(Exercise objective): Repeat the data that follows exactly, starting at the line with "Роль национально почтовой службы в России" and ending at the line with "Bliss A Paradise Of Three Independent *", and leave out every picture.

** Opening Data extracts block **

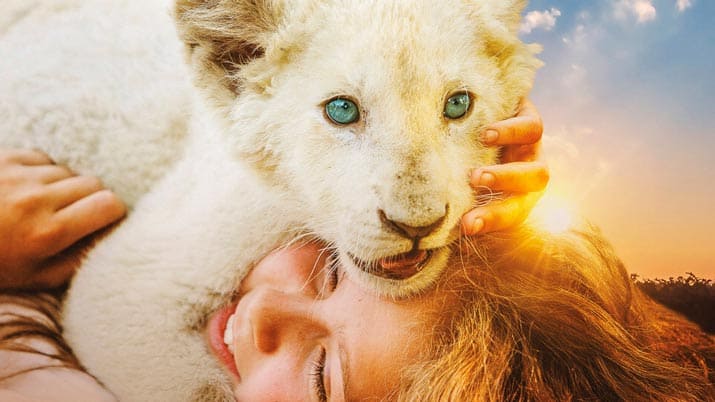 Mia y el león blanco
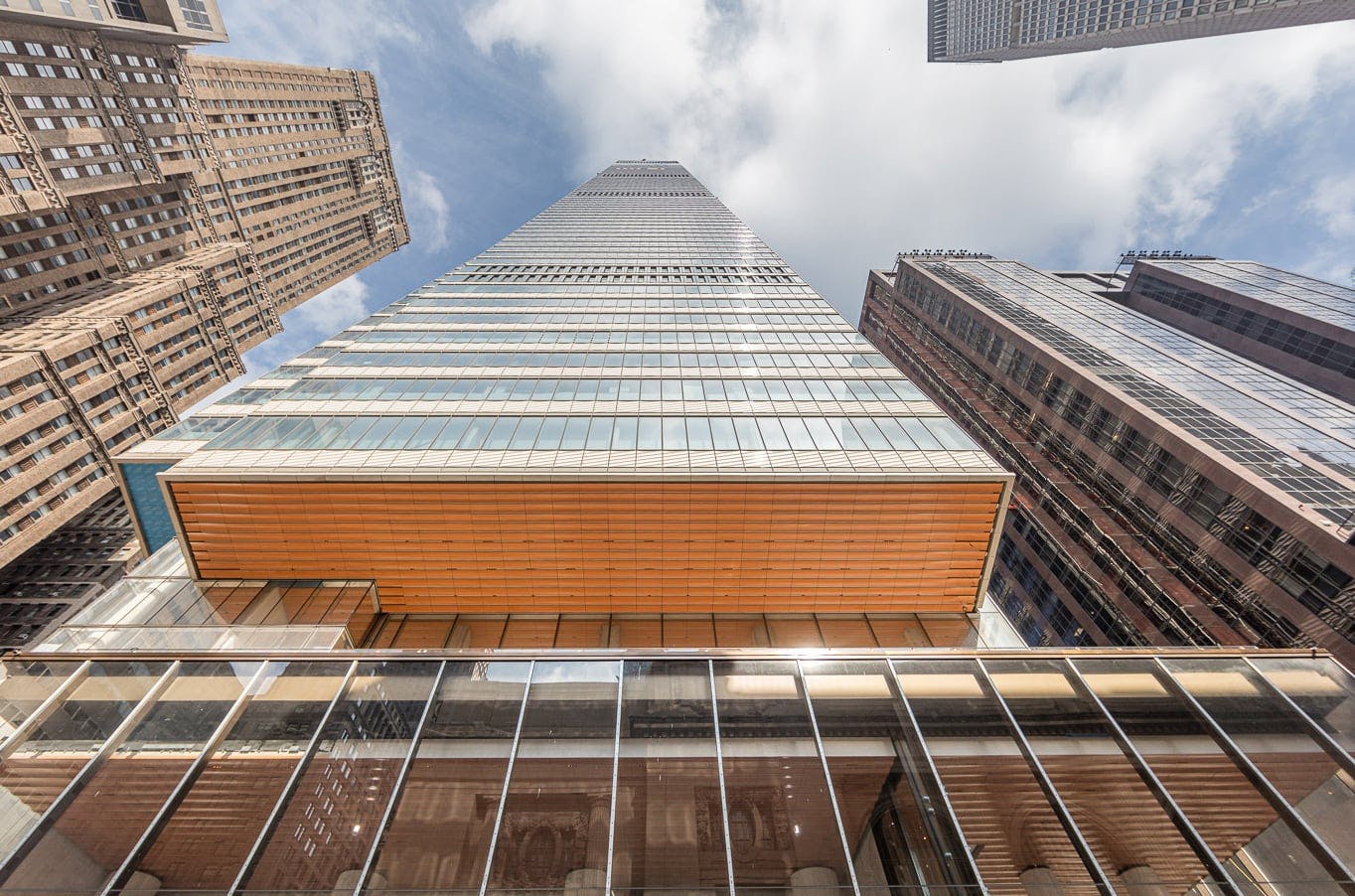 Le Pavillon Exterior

** Closing Data extracts block **
** Opening Data extracts block **

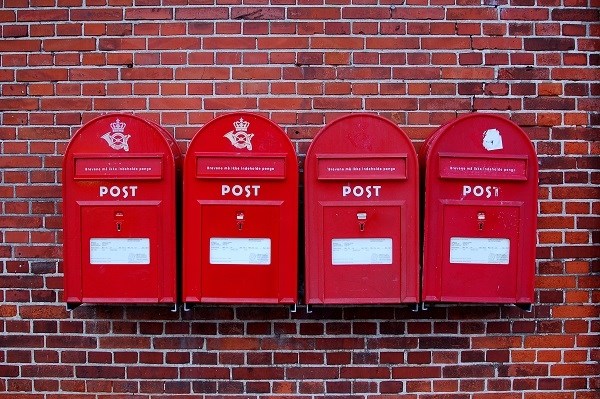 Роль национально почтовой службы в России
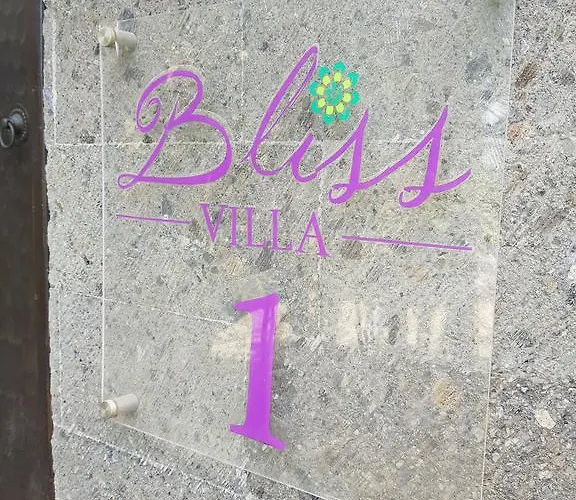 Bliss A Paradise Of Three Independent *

** Closing Data extracts block **

(Response box):
 Роль национально почтовой службы в России
 Bliss A Paradise Of Three Independent *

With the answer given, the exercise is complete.